• [Recorded information]
####################
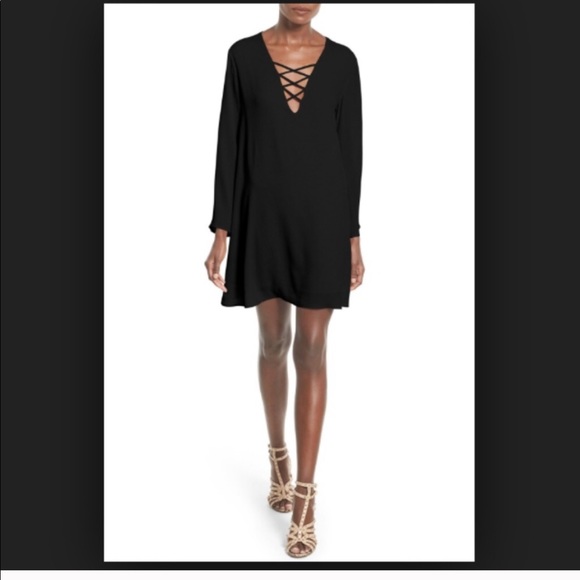ASTR Lace-Up Bell Sleeve Shift Dress - Picture 6 of 6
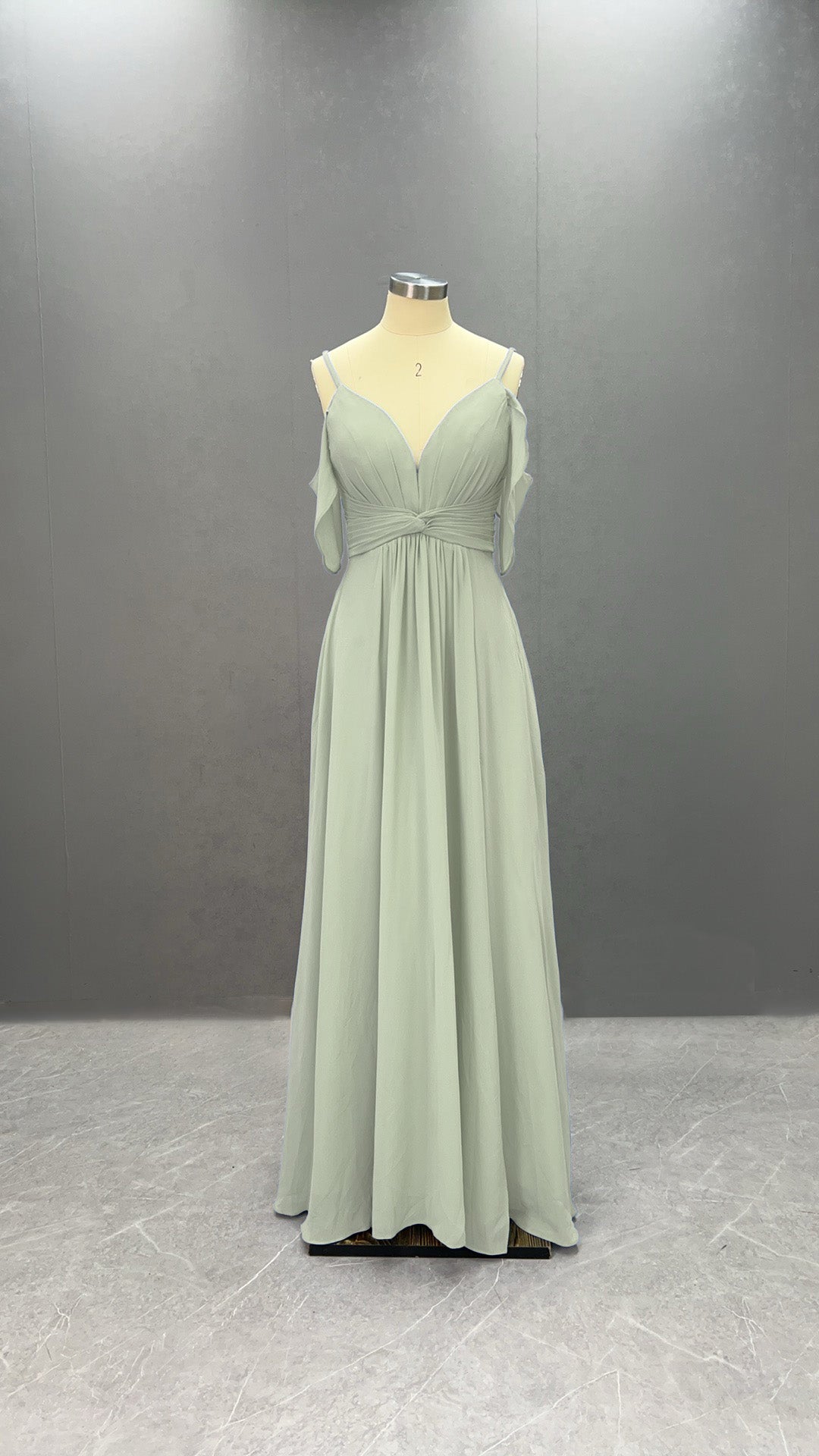 Hellodresses Elegant Spaghetti Straps Off-The-Shoulder Long Pleated Split Chiffon Bridesmaid Dress With Ruffles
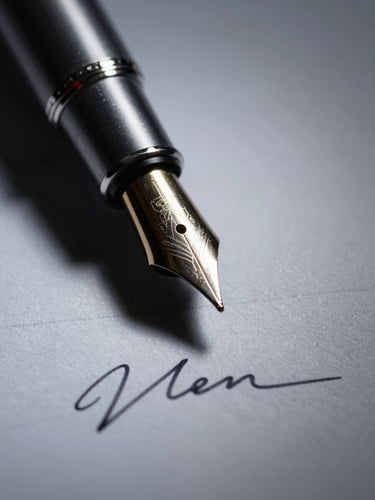 Stark macro photograph of a fountain pen tip resting on a physical contract signature line, high-contrast side-lighting, deep shadows, cool desaturated tones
####################
• [Exercise requirements]
A word-for-word copy of the material is required; pictures stay out of it.

• [Output for this exercise]
ASTR Lace-Up Bell Sleeve Shift Dress - Picture 6 of 6
 Hellodresses Elegant Spaghetti Straps Off-The-Shoulder Long Pleated Split Chiffon Bridesmaid Dress With Ruffles
 Stark macro photograph of a fountain pen tip resting on a physical contract signature line, high-contrast side-lighting, deep shadows, cool desaturated tones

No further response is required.